Human and mouse read disambiguation for PDX samples?
Description of feature
Hi,
Thank you for creating this awesome pipeline. I'm wondering if there are any modules within sarek that do disambiguation of mouse and human reads for PDX samples? For example like the disambiguate tool from Astra Zeneca:
https://github.com/AstraZeneca-NGS/disambiguate
Thanks for your time and help.
Best, Asher
Hey!
Is this related to a similar preprocessing step as requested here: https://github.com/nf-core/sarek/issues/1144 ?
So far we have restrained from expanding the scope of sarek even further to keep the pipeline maintainable. If it is a single tool I am slightly more inclined to have it added. What else would be necessary to make this work in the current workflow?
Hi there,
This is related to the preprocessing step referenced in #1144.
Totally makes sense, I'm sure it takes a lot of time and effort to maintain. I was corresponding with @SPPearce about this on slack (link here), and he has written a subworkflow for this: https://nf-co.re/subworkflows/fastq_align_bamcmp_bwa. It relies on three tools: (i) bwa to align to both references, (ii) bamcmp to keep reads that align to the first genome, and (iii) sam tools to sort.
I haven't tested it out yet, but I think to integrate this for PDX or other samples with contamination this subworkflow would be run in lieu of the fastq_align_bwamem_mem2_dragmap_sentieon and bam_merge_index_samtools subworkflows. It could be an optional flag for these types of samples.
I would also be happy to try writing this in the next couple months, but I am thus far a nextflow novice :)

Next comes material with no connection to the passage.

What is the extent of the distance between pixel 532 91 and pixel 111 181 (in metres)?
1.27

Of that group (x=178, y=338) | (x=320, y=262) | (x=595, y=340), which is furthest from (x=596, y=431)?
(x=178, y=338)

Thanks for your time and help!
Best, Asher
I do think we could do with this ability in some way, whether bamcmp or elsewhere. A suggestion was for a completely separate pipeline for this kind of filtering, generating bam files (or fastq) which then can go into many different pipelines
Hello,
is there any update on this issue?
I work in a bioinformatics facility and we use sarek for standard genomic analyses on human samples. We have some projects with PDX samples and so far we have been using BBSplit before running sarek to filter out mouse reads. It would be really useful if the tool was incorporated to sarek. Even though I'm only an nf-core user and I've never developed a pipeline, I don't think it would be very complicated to incorporate it as a single tool with one or two parameters, similarly to how it is already implemented in the nfcore rnaseq pipeline, which we also use routinely.
I'm happy to try to incorporate it myself following the contribution guidelines if this is something that could be interesting for other users.
Thanks and best,
Alba
I support this, it is a commonly asked for addition. I think bbsplit works on fastq files right? So it would be relatively straightforward to implement in the same way as in rnaseq.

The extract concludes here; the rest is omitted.